“An”ın “an”da kaldığını, artık “anı”ya dönüştüğünü bir koku aldığımızda, bir şarkı çaldığında, bir kelime işittiğimizde veya eski bir fotoğraf gördüğümüzde kafamızdaki film şeritlerinden biri çıkıp dönmeye başladığında anlarız. Bu küçük dokunuşlarla aslında unutmadığımızı sadece hatırlamadığımızı anlarız. Acı tatlı bir esinti gibidir aslında hatırlamak. Sonra ya buruk bir gülümsemeye, ya da gözyaşına dönüşür. “An”lar zaman geçtikçe silikleşip “anı”ya dönüşürken karelerin, sözcüklerin ve süslerin eklenebildiğini hepimiz biliyoruz. Bunu engelleyemeyiz. Hafızamı yoklarken biraz süsleyerek ve o “an”dan sonra unutmamak için defterime yazdığım cümleleri harmanlayarak geçen yazdan bir anım ile başlıyorum.

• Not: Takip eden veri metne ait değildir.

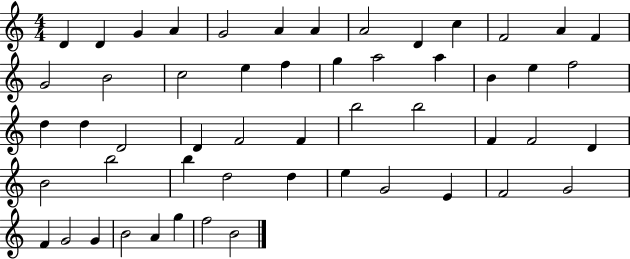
D4/q D4/q G4/q A4/q G4/h A4/q A4/q A4/h D4/q C5/q F4/h A4/q F4/q G4/h B4/h C5/h E5/q F5/q G5/q A5/h A5/q B4/q E5/q F5/h D5/q D5/q D4/h D4/q F4/h F4/q B5/h B5/h F4/q F4/h D4/q B4/h B5/h B5/q D5/h D5/q E5/q G4/h E4/q F4/h G4/h F4/q G4/h G4/q B4/h A4/q G5/q F5/h B4/h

Akşam saatleriydi. Bir yaz korosu vardı çevremde. Rüzgar serinliğini fısıldıyor, dalgalar sabah hırçınlığının yerini sakinliğe bırakıyor; denizden yorgun dönen, kuma batıp çıkan hafif ayak sesleri duyuluyordu. Güneşse eski yakıcılığını kaybetmenin hüznü içinde tepelerin ardına saklanmaya devam ediyordu. Dağların pembeden mora boyandığı bu vakitlerde kafamı meşgul eden hiçbir şey olmadan elimdeki kitabı okuyordum. İçimde çağlayan duygu seline kapılmış, artık sözcüklerin kafamdaki ritimleri dışında bir şey duymazken bir kadın yaklaşmıştı yanıma usulca.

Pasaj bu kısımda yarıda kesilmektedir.